-- Required work --
Copy out the listing that follows, exact in every word, and skip the images.

(Information supplied Opens)

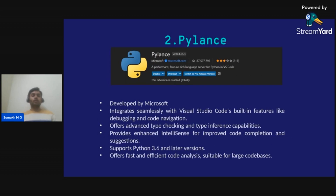Coming to the next extension: Pylance, which is the most essential VS Code extension for Python developers. Pylance is a high-performance language server for Python built on top of Microsoft's Pyright static type checker. It offers advanced IntelliSense capabilities, type checking, and code navigation, empowering developers to write clean and efficient Python.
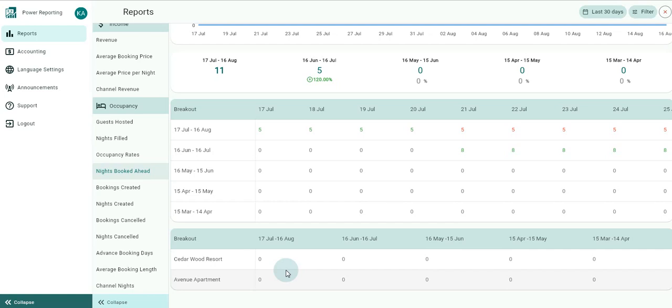And finally, your breakout by rentals. This area allows you to view a breakout by rentals for your selected time period.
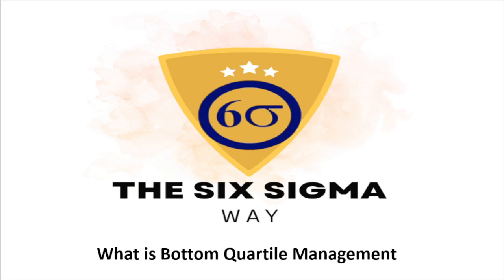Hello everyone, my name is Richard and today we will talk about bottom quartile management. So let's start.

(Information supplied Closes)

-- Exercise response --
Coming to the next extension: Pylance, which is the most essential VS Code extension for Python developers. Pylance is a high-performance language server for Python built on top of Microsoft's Pyright static type checker. It offers advanced IntelliSense capabilities, type checking, and code navigation, empowering developers to write clean and efficient Python.
And finally, your breakout by rentals. This area allows you to view a breakout by rentals for your selected time period.
Hello everyone, my name is Richard and today we will talk about bottom quartile management. So let's start.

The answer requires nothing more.